Lunched at Downing Street with . . . Great discussion about Pamela Lytton. I - in my opinion platitudinously, but in Elizabeth’s paradoxically - supported her claims to superlative charm, saying I should have married her if a man, etc. Elizabeth and the unnatural men there demurred. Jack Tennant admitted she had made his heart beat quicker, but didn’t endorse my good opinion of her intelligence. I said, ‘But, surely, you don’t want a woman to be good at political economy?’ - rather a floater, as that is exactly his wife’s forte! The PM, coming in late, warmly supported me, saying Pamela had had the greatest erotic success of her day and was the most accomplished ‘plate-spinner’. It is bad tactics on Elizabeth’s part to belittle in women just those assets she is without, scoffing at Pamela, Ruby, and other beautiful sirens. . .’
30 July 1916
‘Glittering, scorching day and the town teeming like an anthill. No signs of war, save for the poor, legless men whom Michael tried to encourage by saying, ‘Poor wounded soldiers - soon be better.’ There is no doubt that Brighton has a charm of its own, almost amounting to glamour. I am beginning to be quite patriotic about this end of the town - Kemp Town as it is called - in opposition to the parvenu Hove, which has less character and is to this rather what the Lido is to Venice.
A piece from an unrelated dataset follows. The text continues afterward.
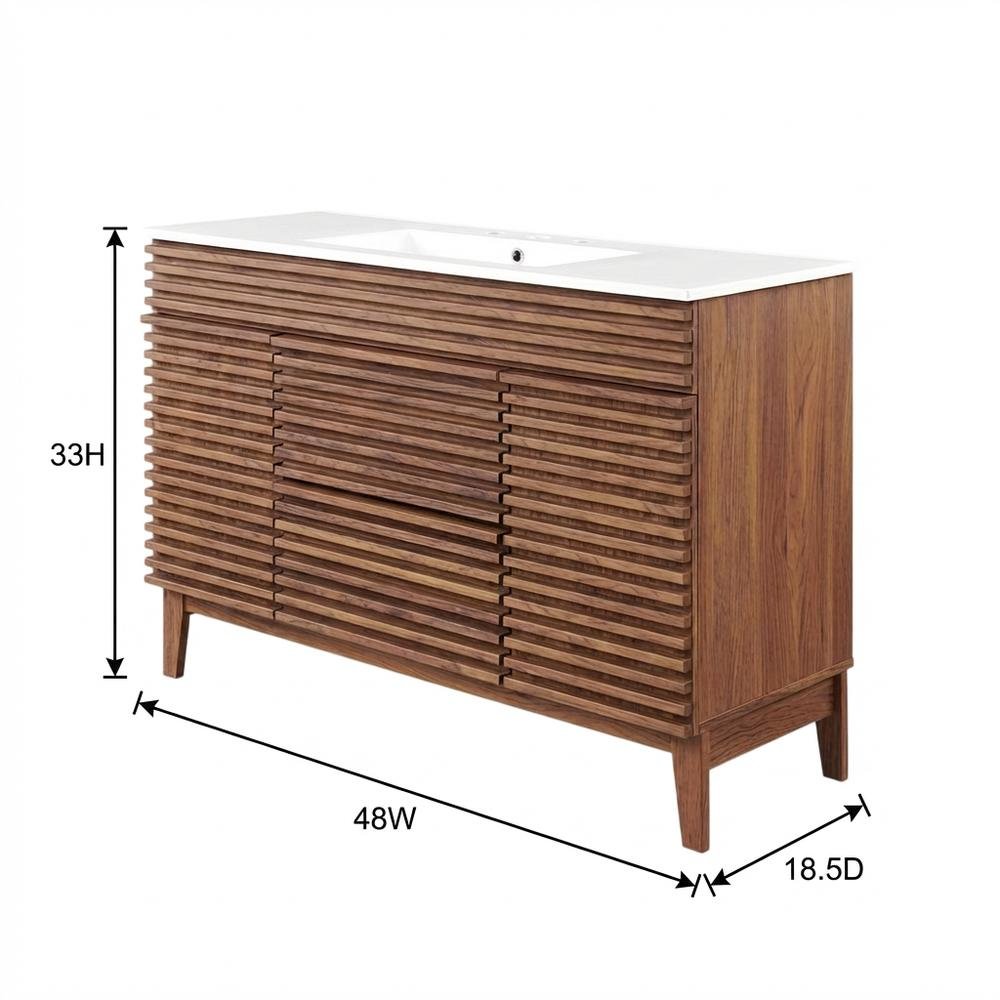 Walnut White 48-Inch Floor-Mount Single Sink Bathroom Vanity. Picture 7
We joined the children on the beach - painfully hot and glaring. We took them in a boat to try and get cooler. Beb and I bathed from the rather squalid bathing machines - perfect in the water, except for the quantity of foreign bodies. . .’
19 September 1916
‘Heartbreaking day. Came downstairs in high spirits, opened newspaper and saw in large print: ‘Lieutenant Asquith Killed in Action’. Darling, brilliant, magically charming Raymond [her brother-in-law] - how much delight and laughter goes with him! It seems to take away one’s last remains of courage. One might have known that nothing so brilliant and precious could escape, but after each blow one’s hopes revive, and one reinvests one’s love and interest. Now I feel I have really relinquished all hope and expect no one to survive.’